Speakers Challenge BOC on Finances, Chickens
Two Cobb citizens came before the Board of Commissioners to plead for their causes.
An otherwise routine Tuesday evening meeting of the Board of Commissioners of Cobb County was colored by the appearance of two public speakers coming before the board pleading for the right to own chickens and to rail against money in politics.
Joseph Pond, founder of the Backyard Chickens Alliance of Cobb County, once again stressed his recommendation that the board alter the 40 year old zoning code and allow chickens and ducks to be counted as pets and not livestock.
With the current code, chickens and ducks can only be kept on properties exceeding two acres in size. Pond said that if the code was amended, neighborhoods with HOAs would be able to restrict chicken keeping.
Pond lost his job two weeks ago and his chickens in the fall of 2011. He is now not able to acquire organic eggs to feed his family. He also mentioned the Georgia Right to Grow Act, which would have alleviated the problem but was killed in the state House of Representatives' Rules Committee and by Rep. John Meadows.
Craig Harfoot came to the podium to address his belief that money and politics should be separated. He began with criticisms of Commission Chairman Tim Lee, who recently won a runoff election to keep his seat.
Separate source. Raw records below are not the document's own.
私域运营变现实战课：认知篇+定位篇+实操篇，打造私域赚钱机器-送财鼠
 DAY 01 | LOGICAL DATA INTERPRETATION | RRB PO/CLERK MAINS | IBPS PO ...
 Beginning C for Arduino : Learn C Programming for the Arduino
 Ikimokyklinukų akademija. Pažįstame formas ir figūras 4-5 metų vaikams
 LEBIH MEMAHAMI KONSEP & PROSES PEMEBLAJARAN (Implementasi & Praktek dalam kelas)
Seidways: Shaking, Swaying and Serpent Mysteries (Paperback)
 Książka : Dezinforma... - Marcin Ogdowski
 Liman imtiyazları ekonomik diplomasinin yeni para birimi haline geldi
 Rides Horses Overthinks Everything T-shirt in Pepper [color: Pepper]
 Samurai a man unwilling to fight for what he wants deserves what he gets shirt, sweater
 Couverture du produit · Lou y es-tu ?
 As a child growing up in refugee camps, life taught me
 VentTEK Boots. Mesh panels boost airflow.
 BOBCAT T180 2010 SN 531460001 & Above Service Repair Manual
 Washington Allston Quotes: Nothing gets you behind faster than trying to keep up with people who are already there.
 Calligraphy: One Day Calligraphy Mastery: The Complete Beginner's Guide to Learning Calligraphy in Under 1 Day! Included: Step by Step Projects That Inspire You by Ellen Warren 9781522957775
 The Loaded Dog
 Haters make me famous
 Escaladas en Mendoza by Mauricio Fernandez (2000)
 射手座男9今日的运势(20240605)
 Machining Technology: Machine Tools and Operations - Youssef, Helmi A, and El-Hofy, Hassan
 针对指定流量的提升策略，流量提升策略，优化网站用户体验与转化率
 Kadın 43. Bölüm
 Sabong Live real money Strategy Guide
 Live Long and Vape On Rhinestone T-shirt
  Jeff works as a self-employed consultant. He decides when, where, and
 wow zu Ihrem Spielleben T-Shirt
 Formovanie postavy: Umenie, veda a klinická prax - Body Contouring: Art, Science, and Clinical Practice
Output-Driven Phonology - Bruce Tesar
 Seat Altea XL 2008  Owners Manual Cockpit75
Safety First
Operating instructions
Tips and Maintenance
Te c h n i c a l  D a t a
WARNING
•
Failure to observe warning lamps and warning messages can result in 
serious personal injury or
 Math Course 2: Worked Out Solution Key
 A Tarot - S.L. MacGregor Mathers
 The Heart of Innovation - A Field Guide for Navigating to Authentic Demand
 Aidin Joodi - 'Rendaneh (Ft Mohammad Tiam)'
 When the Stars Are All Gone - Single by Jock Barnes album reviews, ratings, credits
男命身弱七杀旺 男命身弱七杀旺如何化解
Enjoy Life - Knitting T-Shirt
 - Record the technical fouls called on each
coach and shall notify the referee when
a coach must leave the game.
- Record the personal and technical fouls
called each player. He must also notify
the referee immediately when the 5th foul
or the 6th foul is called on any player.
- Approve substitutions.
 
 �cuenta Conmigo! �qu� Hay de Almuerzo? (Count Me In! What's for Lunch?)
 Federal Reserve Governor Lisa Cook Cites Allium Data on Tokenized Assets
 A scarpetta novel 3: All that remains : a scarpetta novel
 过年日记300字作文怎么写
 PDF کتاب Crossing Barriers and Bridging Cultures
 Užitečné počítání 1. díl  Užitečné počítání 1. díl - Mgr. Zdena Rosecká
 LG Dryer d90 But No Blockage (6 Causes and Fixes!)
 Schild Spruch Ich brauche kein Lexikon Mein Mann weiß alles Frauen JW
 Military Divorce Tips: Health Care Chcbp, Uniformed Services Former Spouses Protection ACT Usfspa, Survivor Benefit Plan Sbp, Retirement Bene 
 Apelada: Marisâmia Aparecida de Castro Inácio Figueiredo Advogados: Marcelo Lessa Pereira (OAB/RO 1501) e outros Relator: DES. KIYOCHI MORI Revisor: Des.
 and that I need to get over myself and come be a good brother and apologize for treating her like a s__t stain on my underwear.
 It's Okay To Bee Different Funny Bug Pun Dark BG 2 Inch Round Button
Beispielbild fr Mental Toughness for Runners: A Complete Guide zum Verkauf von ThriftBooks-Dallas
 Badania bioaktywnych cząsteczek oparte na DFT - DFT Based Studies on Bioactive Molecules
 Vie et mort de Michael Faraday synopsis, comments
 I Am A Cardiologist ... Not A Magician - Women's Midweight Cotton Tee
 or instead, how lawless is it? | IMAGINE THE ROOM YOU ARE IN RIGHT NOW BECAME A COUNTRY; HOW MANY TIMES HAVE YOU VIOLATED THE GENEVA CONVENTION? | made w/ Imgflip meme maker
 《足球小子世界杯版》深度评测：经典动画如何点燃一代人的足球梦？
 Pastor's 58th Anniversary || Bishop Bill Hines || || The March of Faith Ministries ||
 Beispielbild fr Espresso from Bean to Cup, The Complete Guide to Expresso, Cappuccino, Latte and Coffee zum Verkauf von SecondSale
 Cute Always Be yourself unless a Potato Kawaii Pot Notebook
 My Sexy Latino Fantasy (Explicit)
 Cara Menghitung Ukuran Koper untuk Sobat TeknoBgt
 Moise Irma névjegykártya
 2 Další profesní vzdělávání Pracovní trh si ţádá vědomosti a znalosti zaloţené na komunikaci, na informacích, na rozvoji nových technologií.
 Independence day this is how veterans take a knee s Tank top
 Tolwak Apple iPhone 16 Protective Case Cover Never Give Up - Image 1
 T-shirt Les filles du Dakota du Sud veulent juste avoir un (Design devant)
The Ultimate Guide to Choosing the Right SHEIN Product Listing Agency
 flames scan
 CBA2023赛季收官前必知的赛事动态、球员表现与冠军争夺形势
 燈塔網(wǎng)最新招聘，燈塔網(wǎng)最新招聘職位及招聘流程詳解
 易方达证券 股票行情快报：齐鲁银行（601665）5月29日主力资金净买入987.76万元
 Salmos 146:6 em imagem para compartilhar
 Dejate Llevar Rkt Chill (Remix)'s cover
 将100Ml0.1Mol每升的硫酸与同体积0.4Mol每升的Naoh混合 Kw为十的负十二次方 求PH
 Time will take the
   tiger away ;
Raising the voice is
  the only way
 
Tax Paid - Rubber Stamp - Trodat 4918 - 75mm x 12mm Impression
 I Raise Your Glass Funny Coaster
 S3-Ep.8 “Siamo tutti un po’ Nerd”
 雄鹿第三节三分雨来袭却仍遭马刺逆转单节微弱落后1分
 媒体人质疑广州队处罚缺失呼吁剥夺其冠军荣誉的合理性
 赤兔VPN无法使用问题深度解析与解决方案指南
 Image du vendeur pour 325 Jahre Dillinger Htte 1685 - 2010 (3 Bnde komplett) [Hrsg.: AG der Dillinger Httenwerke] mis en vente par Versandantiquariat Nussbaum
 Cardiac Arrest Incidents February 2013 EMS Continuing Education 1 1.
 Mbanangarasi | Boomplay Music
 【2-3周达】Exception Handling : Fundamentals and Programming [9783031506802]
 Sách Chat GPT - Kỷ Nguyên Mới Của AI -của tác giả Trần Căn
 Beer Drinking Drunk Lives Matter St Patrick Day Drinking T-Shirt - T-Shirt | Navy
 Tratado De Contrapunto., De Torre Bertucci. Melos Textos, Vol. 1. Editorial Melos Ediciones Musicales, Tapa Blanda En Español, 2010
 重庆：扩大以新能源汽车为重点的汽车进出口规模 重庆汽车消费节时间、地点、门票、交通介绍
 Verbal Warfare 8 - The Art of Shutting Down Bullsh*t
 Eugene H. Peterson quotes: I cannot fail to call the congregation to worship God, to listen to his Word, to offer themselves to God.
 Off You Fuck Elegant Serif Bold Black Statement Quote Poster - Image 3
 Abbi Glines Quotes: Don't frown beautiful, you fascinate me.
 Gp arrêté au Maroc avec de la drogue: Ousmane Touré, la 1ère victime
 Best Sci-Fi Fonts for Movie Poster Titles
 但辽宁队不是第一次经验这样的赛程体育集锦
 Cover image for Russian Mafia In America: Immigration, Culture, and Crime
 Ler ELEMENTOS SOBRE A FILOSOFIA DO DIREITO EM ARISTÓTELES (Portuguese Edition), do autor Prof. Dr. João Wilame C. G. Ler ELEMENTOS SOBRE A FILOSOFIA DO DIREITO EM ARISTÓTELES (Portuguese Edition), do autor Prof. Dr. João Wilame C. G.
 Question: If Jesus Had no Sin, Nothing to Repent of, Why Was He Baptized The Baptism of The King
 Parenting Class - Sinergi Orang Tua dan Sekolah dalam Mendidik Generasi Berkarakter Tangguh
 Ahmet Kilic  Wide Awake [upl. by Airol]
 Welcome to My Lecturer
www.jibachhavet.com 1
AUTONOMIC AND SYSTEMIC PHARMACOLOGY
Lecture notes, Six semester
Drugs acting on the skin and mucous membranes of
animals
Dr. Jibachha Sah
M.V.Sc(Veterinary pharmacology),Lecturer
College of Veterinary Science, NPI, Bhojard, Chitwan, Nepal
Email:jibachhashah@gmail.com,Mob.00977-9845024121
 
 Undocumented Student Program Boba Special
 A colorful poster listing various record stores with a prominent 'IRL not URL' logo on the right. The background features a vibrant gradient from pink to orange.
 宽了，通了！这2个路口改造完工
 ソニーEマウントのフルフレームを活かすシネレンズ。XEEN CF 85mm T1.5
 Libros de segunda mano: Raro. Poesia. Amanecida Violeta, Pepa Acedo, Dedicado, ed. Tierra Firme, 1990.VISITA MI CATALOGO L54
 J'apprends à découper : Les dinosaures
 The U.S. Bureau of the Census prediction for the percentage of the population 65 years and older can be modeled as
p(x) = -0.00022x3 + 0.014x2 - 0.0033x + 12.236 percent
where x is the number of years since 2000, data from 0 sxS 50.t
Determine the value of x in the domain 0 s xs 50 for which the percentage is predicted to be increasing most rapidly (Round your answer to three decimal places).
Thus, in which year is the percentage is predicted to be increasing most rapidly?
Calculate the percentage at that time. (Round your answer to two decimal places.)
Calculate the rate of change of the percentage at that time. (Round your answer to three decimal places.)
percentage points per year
Harfoot said that with $450,000 in campaign donations, Lee owed favors to his donors that the taxpayers would end up providing.
"We're used to seeing big money compete for tax dollars on the national stage," Harfoot said. "But seeing it on the local level is really frightening."
Lee's support of a HOST tax, in face of the defeat of the TSPLOST, was considered an outrage by Harfoot, who said that the rise in energy costs was already a tax on food.
Harfoot was also surprised that although 60 percent of voters in the July 31 primary voted against Lee, that he managed to win the runoff and keep his job.
"If you didn't have so much debt to your donors, a lot of us would feel better," he said.